For many years, companies across the globe have sought to capitalise on the wonderous possibilities of data. Underpinned by technological innovation and rising digital adoption, businesses are actively exploring the boundaries of what their data can do, both for their customers and internal operations.
As mentioned in our previous report, today’s data explosion has created significant fears of missing out (“FOMO”) amongst many senior executives. In response, corporations’ data investments have surged, with global dataspecific technology spending reaching USD 474.7 billion in 2020 and projected to grow to USD 639 billion by 2024. However, we believe that many firms have gotten lost in the hype, neglecting the fundamentals of a data project in exchange for empty promises and wasted investments.
The significant wastage in data-centric projects reflects two key problems: (1) most data is left unused, untapped, or unknown to a business (i.e. “dark data”); and (2) the cost of recovering and making flawed data (i.e. “imperfect data”) ready for use is extremely high. In fact, dark data accounts for 55% of data expenditure wastage, costing companies USD 193 billion in 2020. However, this pales in comparison to the recovery costs of imperfect data.

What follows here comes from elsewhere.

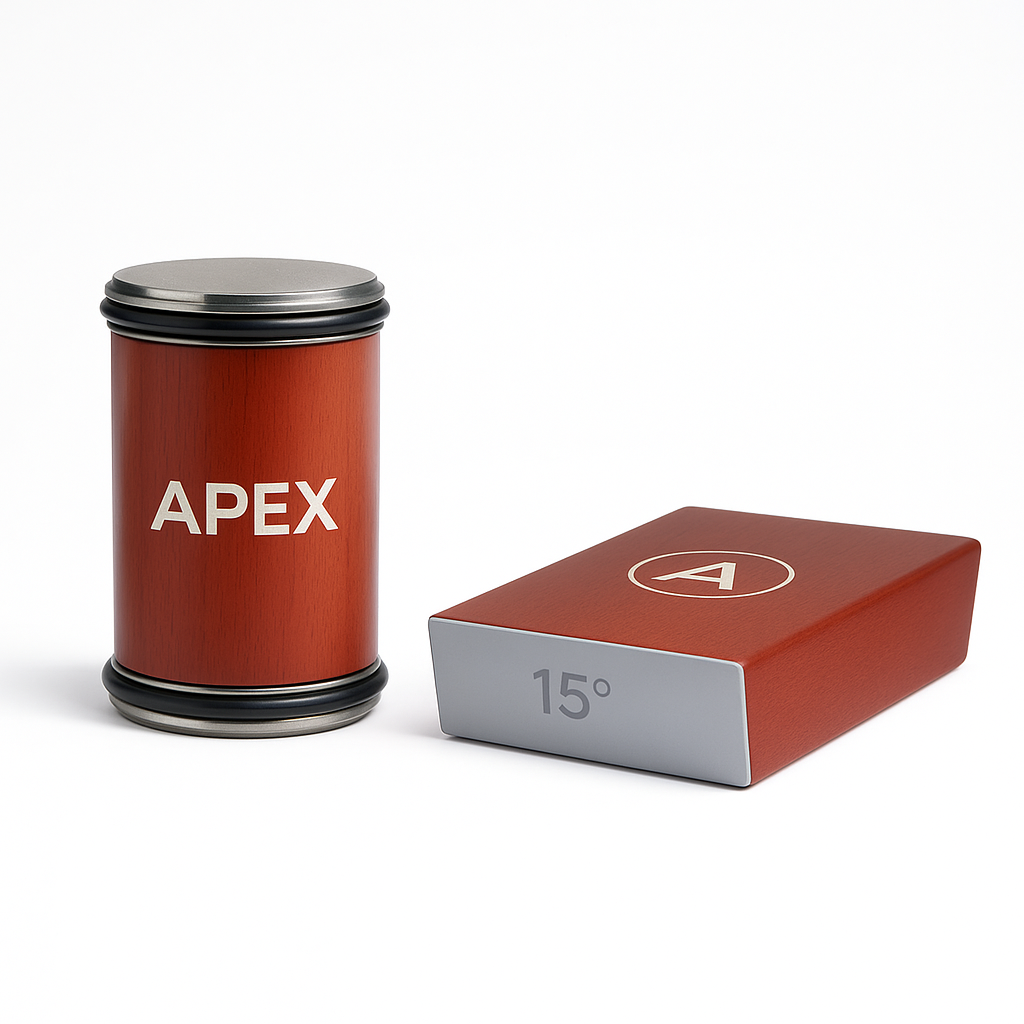 Apex Diamond Rullknivsvässare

The fact is, only 3% of data within organisations are “perfect” and ready for processing. The remaining 97% requires some form of manipulation to make it ready for use, which expends 10x more effort (and cost) as opposed to vanilla maintenance costs. We estimate that the costs of making imperfect data usable amounted to USD 1.5 trillion in 2020 alone.
Wastage stems from multiple areas, including a lack of understanding of a company’s data value chain, mismatched technology and business needs, inadequate integration of siloed data systems, and failed transformation planning. However, the vast majority of this wastage is attributed to one basic theme: the lack of a defined organisational data strategy. At its core, this consists of two complementary components: the (1) Business, Application, Information & Technology (“BAIT”) framework and; (2) a robust change management strategy.
The BAIT framework outlines steps from project formulation to execution, together with key action items. The change management strategy outlines appropriate policies and incentives to develop a data-centric culture that unifies and maximises data investments throughout the lifecycle of a data strategy project. Both components can be scaled up or down, depending on the type of project: namely, strategic, tactical, or operational. The type of project is determined by considerations such as resources, time, or infrastructure required. These components rightly consume considerable airtime and focus. But there is one centrepiece that holds an entire data strategy project together that is often neglected. And that is a fundamental business strategy.
It is our belief that most data strategy projects fail because data’s place as an integral part of the larger business is often overlooked. So many executives have been caught up in the hype behind data that they shoehorn it into a company’s operations without detailed analysis as to “why” they are doing so; or worse, do so simply to appease shareholders.
At the end of the day, technology is guided by the business’s objectives and likewise limited by it as well. A solid foundation in basic data operations must exist before data can be allowed to guide any business. Much like a language’s primary purpose is to convey ideas and facilitate communication, it must first have a solid foundation of rules and structure before being able to evolve and guide the language as a whole over time. After all, data is the real lingua franca of business.